Dataset extract:
- - - - -

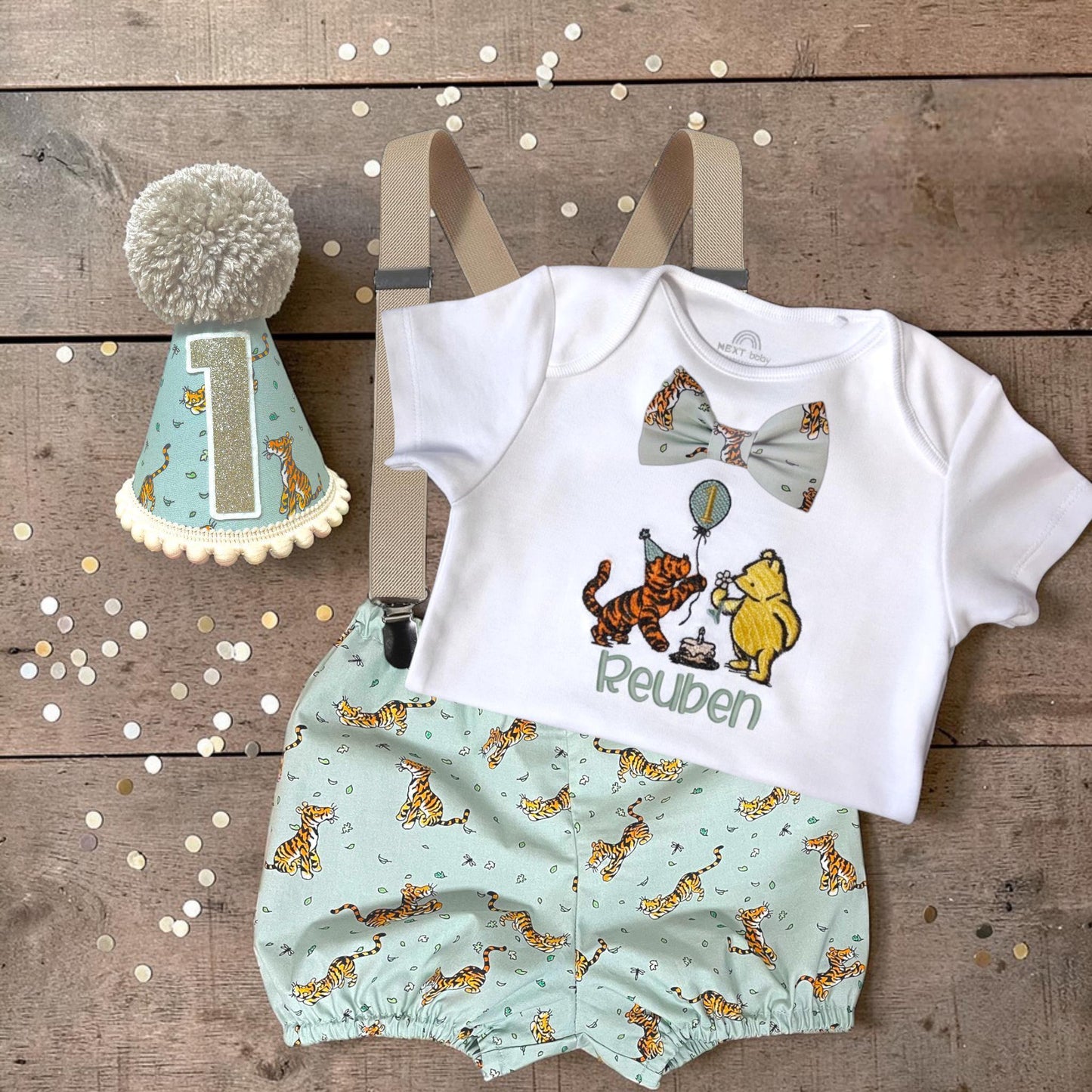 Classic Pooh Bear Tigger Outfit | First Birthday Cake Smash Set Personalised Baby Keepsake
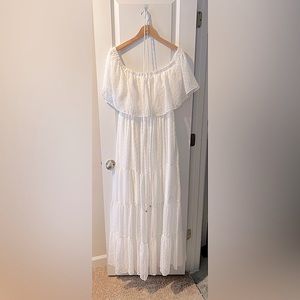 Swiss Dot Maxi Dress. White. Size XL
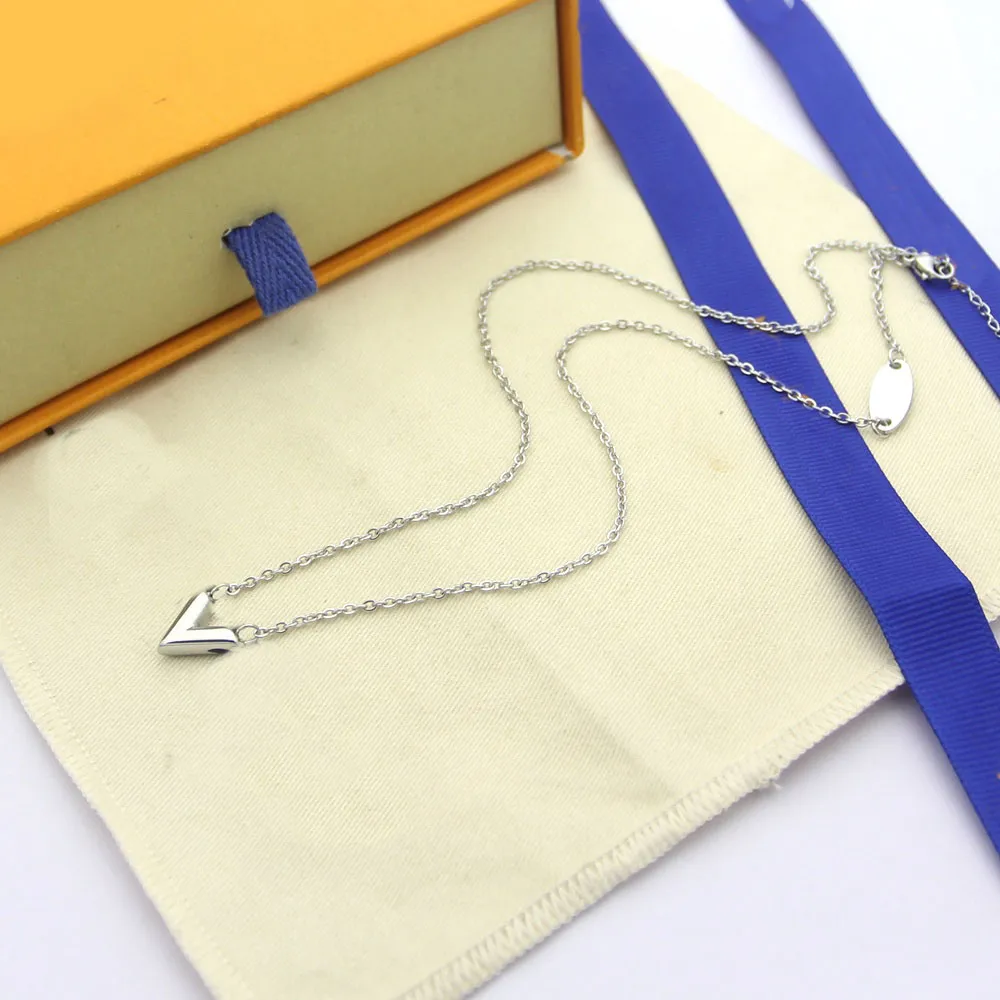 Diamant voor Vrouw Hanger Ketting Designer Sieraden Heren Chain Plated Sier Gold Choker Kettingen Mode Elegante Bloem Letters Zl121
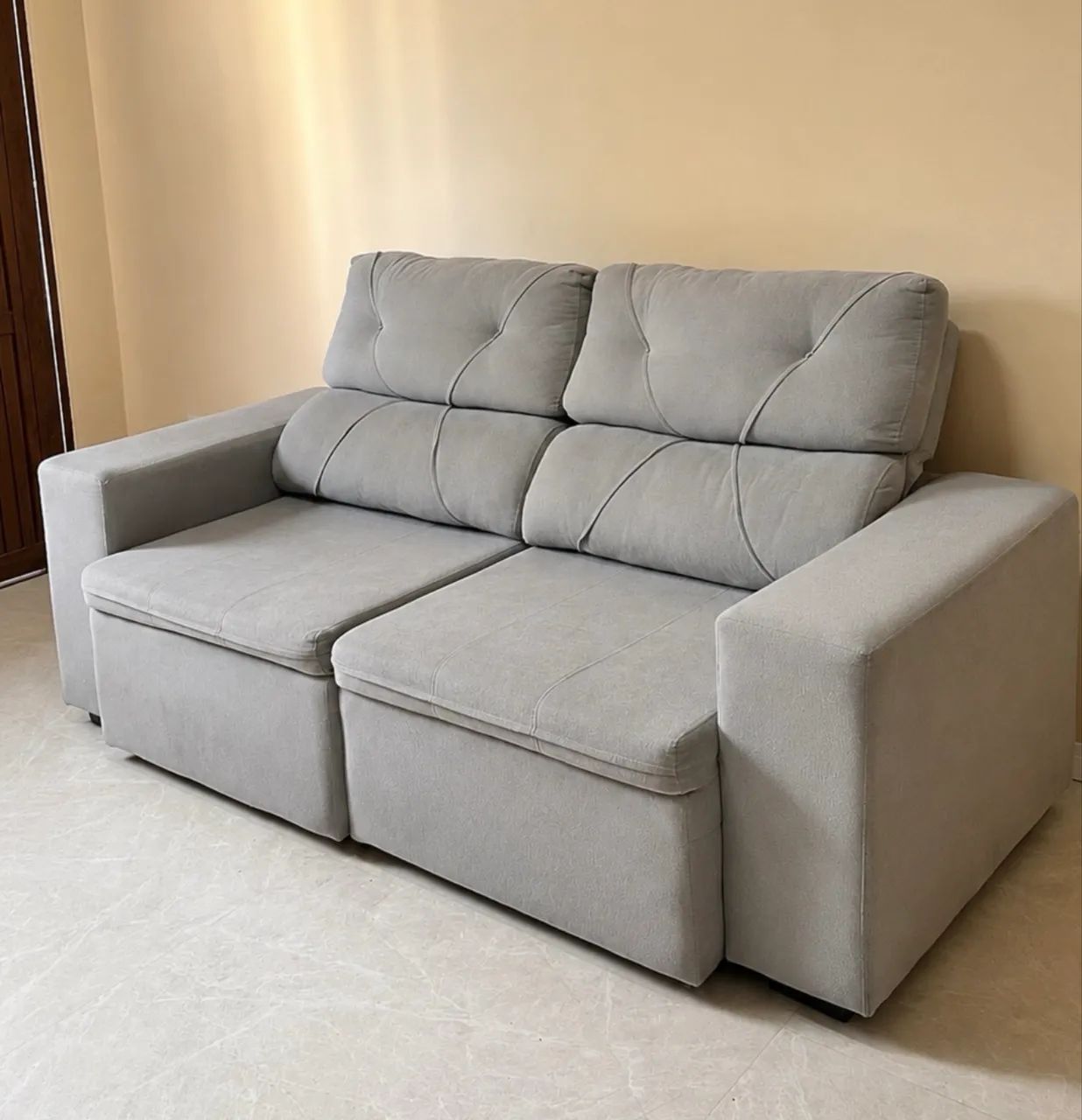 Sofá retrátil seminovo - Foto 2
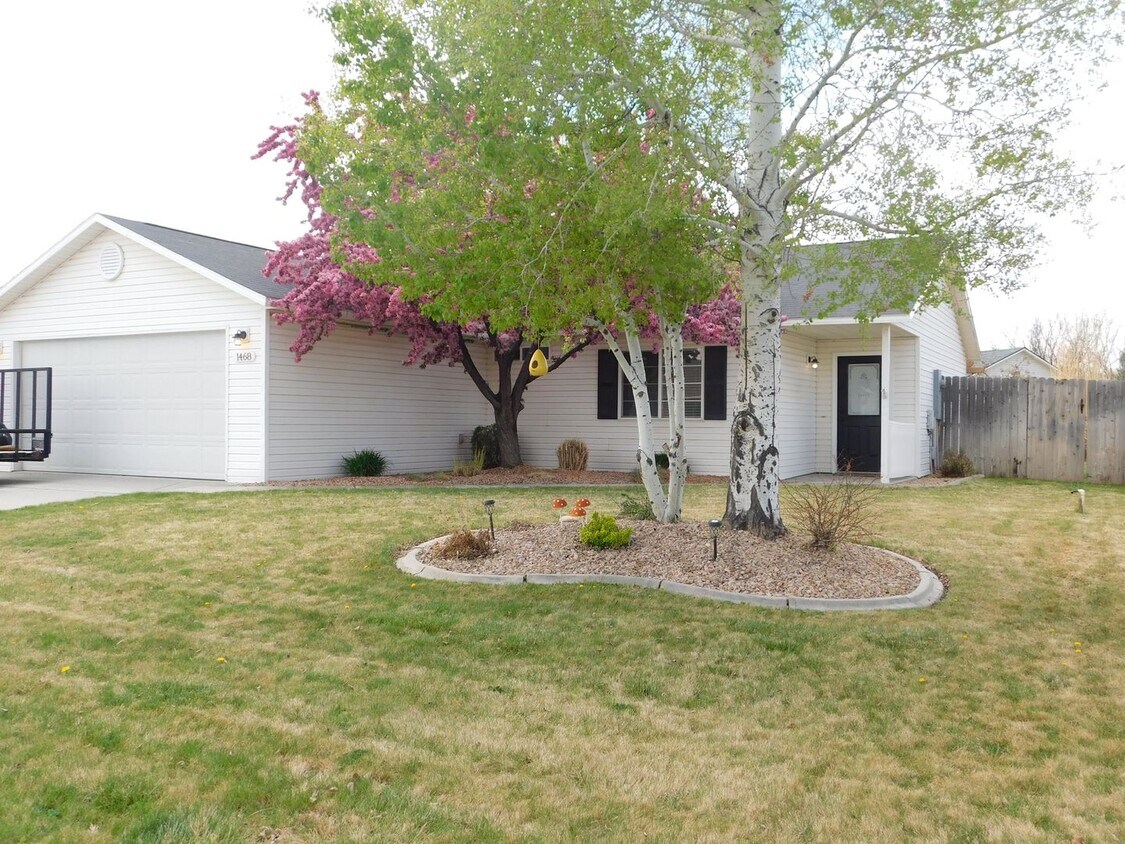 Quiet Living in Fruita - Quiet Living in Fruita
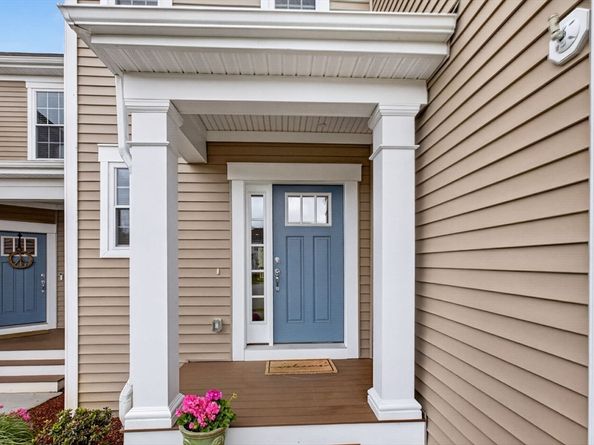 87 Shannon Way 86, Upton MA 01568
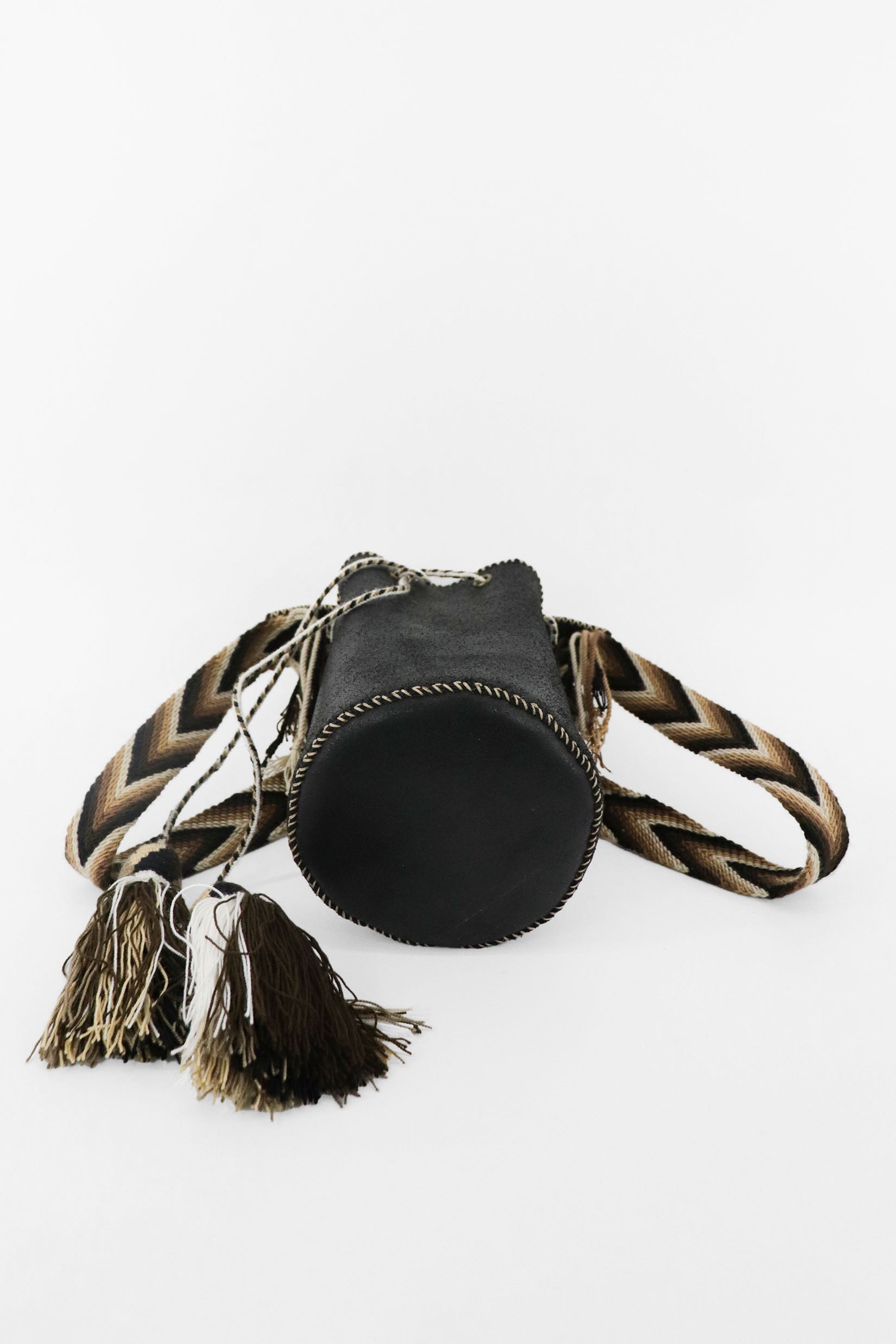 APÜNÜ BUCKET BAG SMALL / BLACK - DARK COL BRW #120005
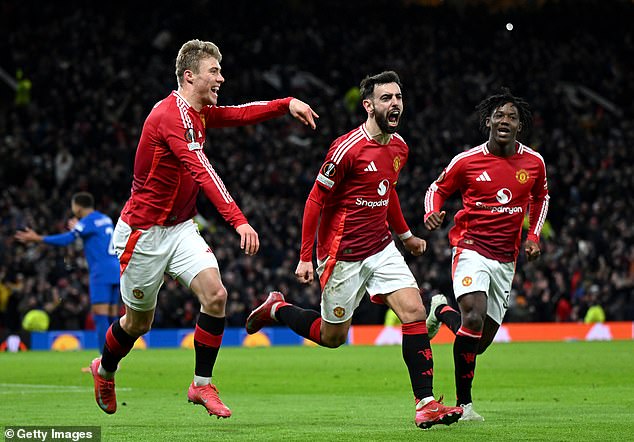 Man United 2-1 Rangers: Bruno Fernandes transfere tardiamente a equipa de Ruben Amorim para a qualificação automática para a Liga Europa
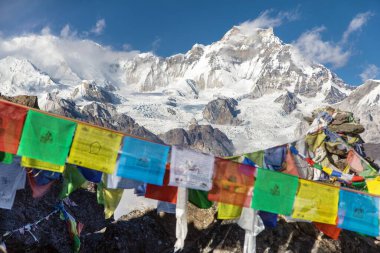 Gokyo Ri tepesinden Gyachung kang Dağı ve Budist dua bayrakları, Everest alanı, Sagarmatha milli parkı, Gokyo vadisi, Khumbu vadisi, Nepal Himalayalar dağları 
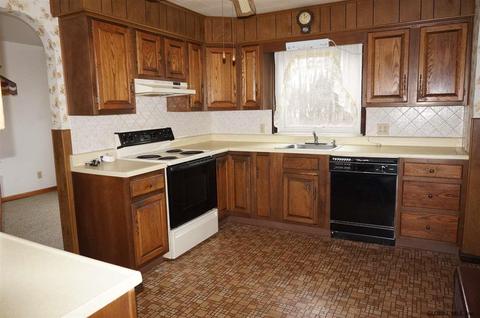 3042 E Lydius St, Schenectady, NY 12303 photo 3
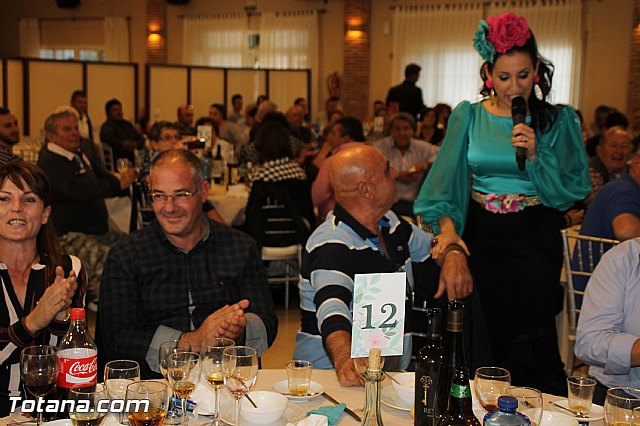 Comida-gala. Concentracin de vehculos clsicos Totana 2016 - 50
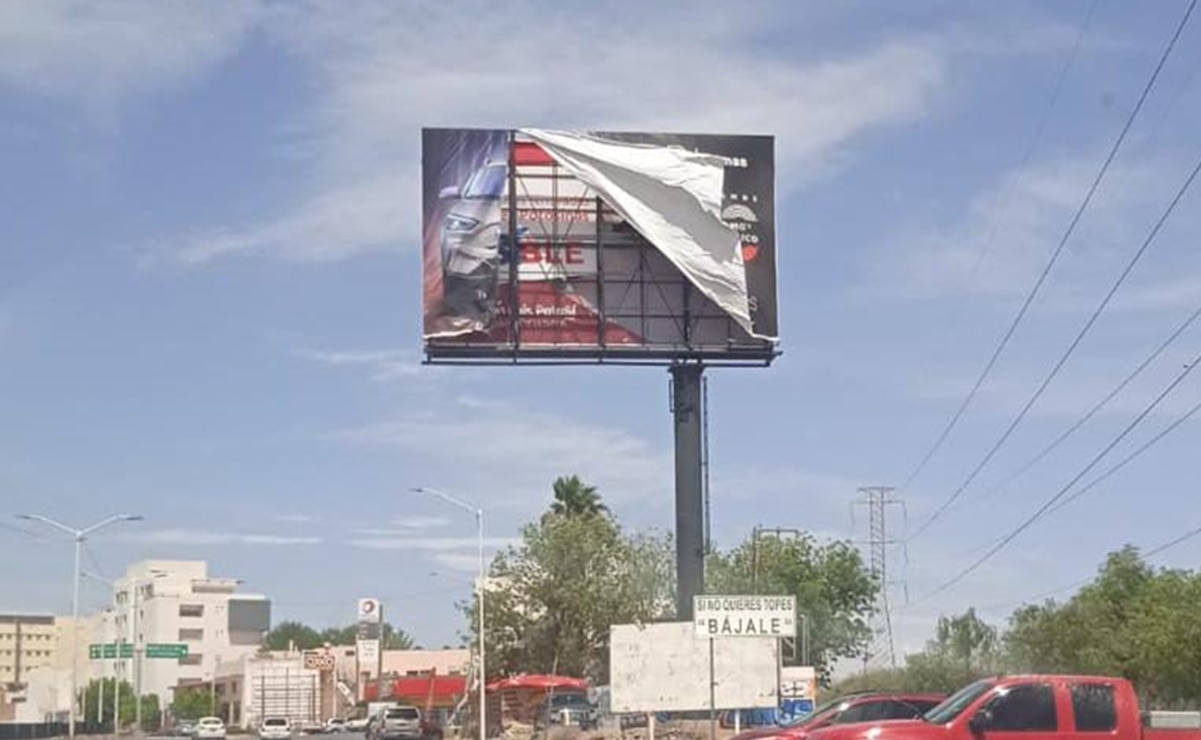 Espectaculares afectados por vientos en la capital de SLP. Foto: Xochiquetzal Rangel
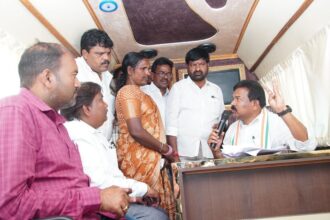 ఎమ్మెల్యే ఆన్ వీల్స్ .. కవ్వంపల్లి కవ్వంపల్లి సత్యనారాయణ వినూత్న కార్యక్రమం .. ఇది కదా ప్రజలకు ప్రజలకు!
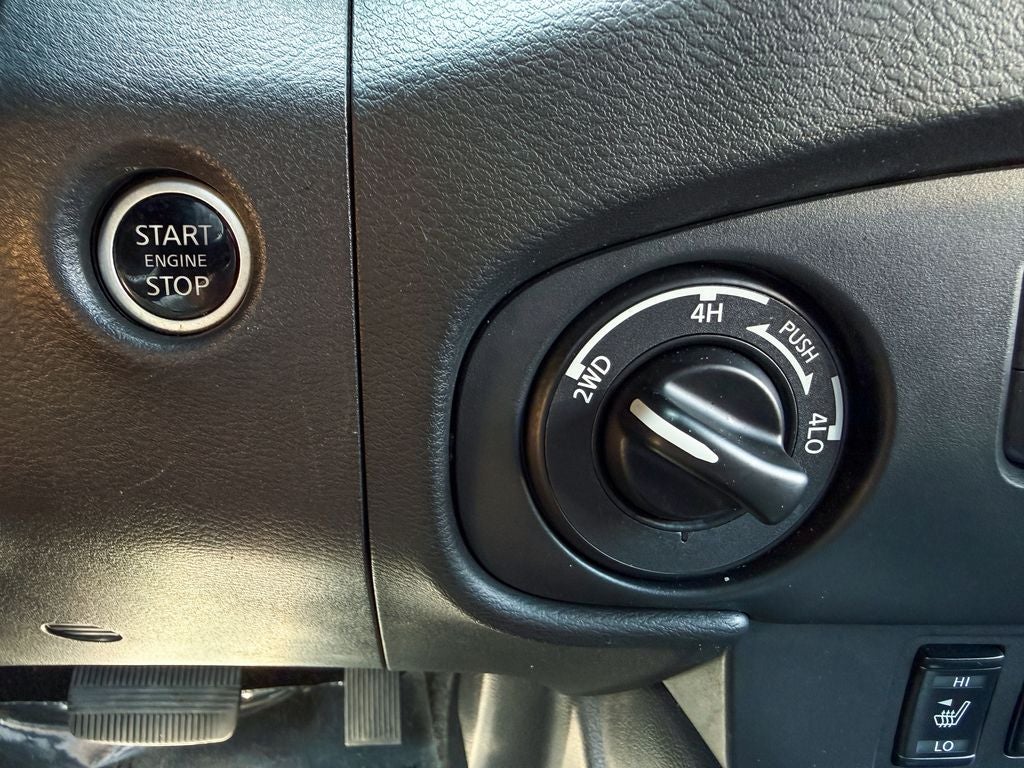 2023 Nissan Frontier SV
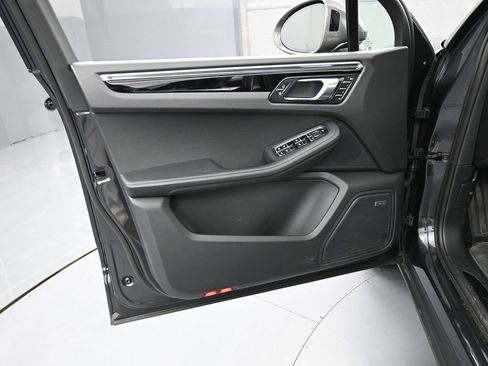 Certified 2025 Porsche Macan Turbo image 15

- - - - -

Work order: What you need to copy is the run of lines from the one holding "3042 E Lydius" through the end of the data, exactly and only, both ends included, pictures omitted.

Result of the task:
 3042 E Lydius St, Schenectady, NY 12303 photo 3
 Comida-gala. Concentracin de vehculos clsicos Totana 2016 - 50
 Espectaculares afectados por vientos en la capital de SLP. Foto: Xochiquetzal Rangel
 ఎమ్మెల్యే ఆన్ వీల్స్ .. కవ్వంపల్లి కవ్వంపల్లి సత్యనారాయణ వినూత్న కార్యక్రమం .. ఇది కదా ప్రజలకు ప్రజలకు!
 2023 Nissan Frontier SV
 Certified 2025 Porsche Macan Turbo image 15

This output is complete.